Maryam, tell us a bit about your research at Swiss TPH
I started my PhD in Epidemiology and Public Health at Swiss TPH in 2018. My research is focused on road traffic crash data systems in low- and middle-income countries (LMICs). Every year, over one million people die due to road traffic injuries, with over 90% of these deaths occuring in LMICs. Having reliable and timely information about deaths is essential to set priorities and develop effective policies.
However, half of the countries around the world do not have a reliable source of information for road traffic injuries and deaths. Road traffic crash registration systems, for example, are at the intersection between multiple sub-systems hosted in different sectors. These information systems are usually incomplete, inconsistent, and operate in silos. To address this, I apply systems thinking tools to study the ways in which these systems are performing and find ways to improve their function. Doing my PhD at Swiss TPH has opened up a variety of opportunities for me to develop professional skills and expertise in a welcoming and supportive academic environment.
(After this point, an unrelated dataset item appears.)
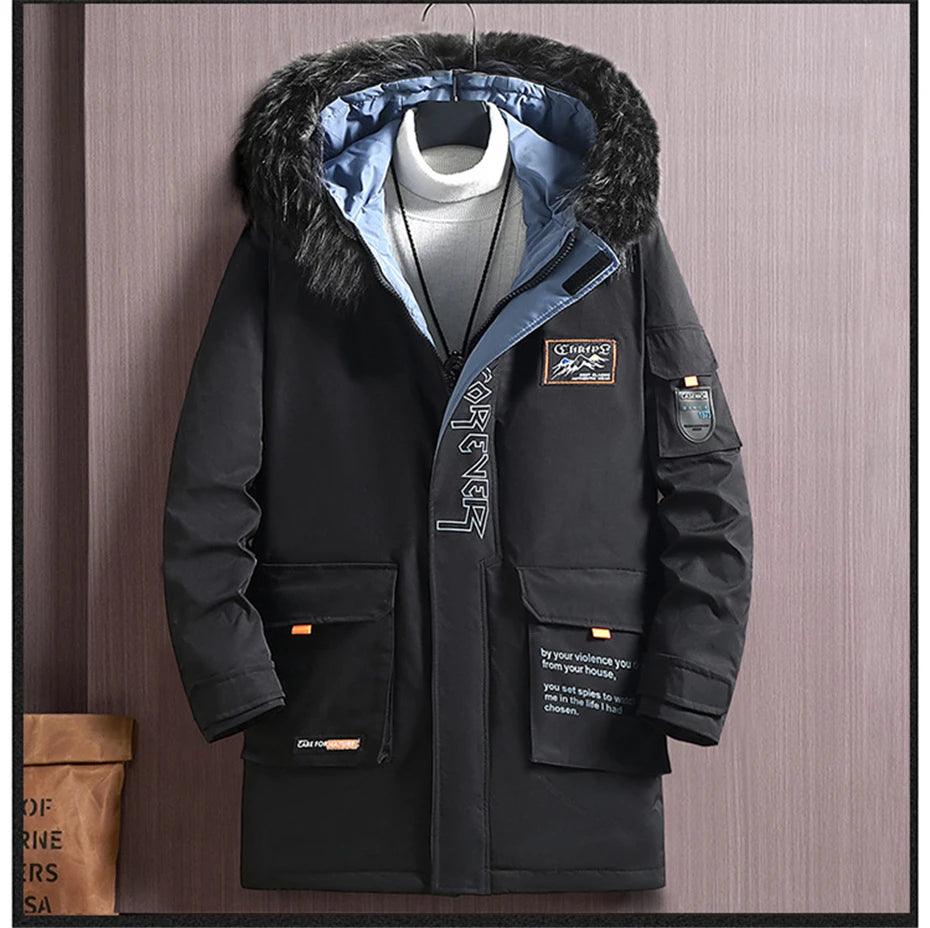 Men's Plus Size Parka Winter Jacket: Stylish & Functional ❄️🧥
"Every year, over 1 million people die due to road traffic injuries, with more than 90% of these deaths occurring in low- and middle-income countries"
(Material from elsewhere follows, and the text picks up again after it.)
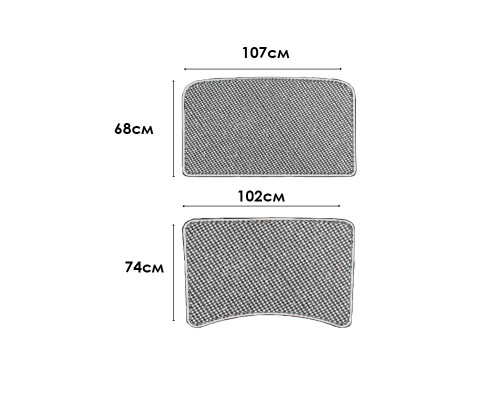 Автомобильная солнцезащитная шторка для панорамы Tesla Model 3 2019-2023 White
Can you tell us about your internship at the World Health Organization?
During last two years, I had the privilege to work with the World Health Organization (WHO) on two, multi-country workshops on improving data for road traffic deaths in 2018 and 2019. After these amazing experiences, I applied for an internship at the WHO headquarters in Geneva and I was accepted! For me, it was a dream come true. During my internship, I worked on projects related to road traffic deaths registration systems.
One of the highlights of my internship was meeting talented interns from all over the world. We were the group who started our internships during the COVID-19 outbreak and made a special bond.
You also had the chance to go to the Unleash innovation lab in China - how was that?
It was fascinating. Unleash is a global innovation lab that brings together people from all over the world to transform personal insight into hundreds of ideas structured within the Sustainable Development Goals (SDGs), and build lasting global networks.
Because of my interest in road traffic safety, I applied to work on SDG 11: building sustainable cities and communities. After I was accepted, I went to China to meet with 1,000 other talents from around the world. I worked with four amazing team members in particular from Canada, Uganda, Thailand and the UK. Unleash innovation lab gave me the chance to practice working with individuals from different backgrounds including academia, government, private sector and more, in order to find the solutions for achieving the different SDGs.